Here it is in a nut shell “I don’t see anything that will pound gold ahead of the Fed meeting,” he said.
Grady and several others noted how open interest in gold futures and options has risen sharply in the past two weeks or so, based on the idea of more QE from the Fed. Open interest is the number of outstanding positions in a market. Growth in open interest, accompanied by rising prices, suggests new buying has entered the market. He said there was strong buying on Friday, particularly in options where traders were putting on bullish trades.
But before everyone piles into the market, Grady said, consider this: “If we don’t get QE at the meeting, if they (The Fed) do nothing, it’s going to be very scary in gold, especially after a $100 rally.”
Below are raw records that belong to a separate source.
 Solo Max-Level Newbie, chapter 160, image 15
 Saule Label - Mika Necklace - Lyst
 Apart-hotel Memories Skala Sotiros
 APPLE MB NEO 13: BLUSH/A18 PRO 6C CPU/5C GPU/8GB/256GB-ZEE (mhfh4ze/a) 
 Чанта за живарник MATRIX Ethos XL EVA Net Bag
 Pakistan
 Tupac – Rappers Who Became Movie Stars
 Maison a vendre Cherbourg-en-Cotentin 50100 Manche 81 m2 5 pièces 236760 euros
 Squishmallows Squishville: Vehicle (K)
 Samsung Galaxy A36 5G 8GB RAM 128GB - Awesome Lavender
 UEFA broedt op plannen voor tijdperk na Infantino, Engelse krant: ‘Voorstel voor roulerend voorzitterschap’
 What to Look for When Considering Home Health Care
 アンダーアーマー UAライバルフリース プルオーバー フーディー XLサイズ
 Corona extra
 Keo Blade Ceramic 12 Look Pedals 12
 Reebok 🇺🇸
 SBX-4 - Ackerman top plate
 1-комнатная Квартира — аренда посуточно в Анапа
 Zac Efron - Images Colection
Not everyone is expecting the Fed to move so soon on QE, either. Analysts at Nomura said even with the weak jobs data, it’s not enough to warrant a move next week.
“Economic activity has not been sufficiently strong to produce necessary job gains for the Fed to meet its employment mandate. Nor is job growth weak enough to suggest that the economy is falling off a cliff. Today's report was not sufficiently weak to change our expectations that the Fed will extend the forward guidance about the likely path of the federal funds rate but will not introduce QE3 at the upcoming September meeting,” they said.
Edward Meir, commodities consultant at INTL FCStone, said the Fed has a lot of mixed signals to sort out. The Friday’s jobs data was lackluster, but earlier this week, jobless claims fell to a four-month low, the ADP data was strong and the August ISM services reading also rose more than forecast, The last three indicators “may make the Fed’s upcoming decision somewhat trickier in that the argument for further easing may not seem as persuasive as it once was,” Meir said.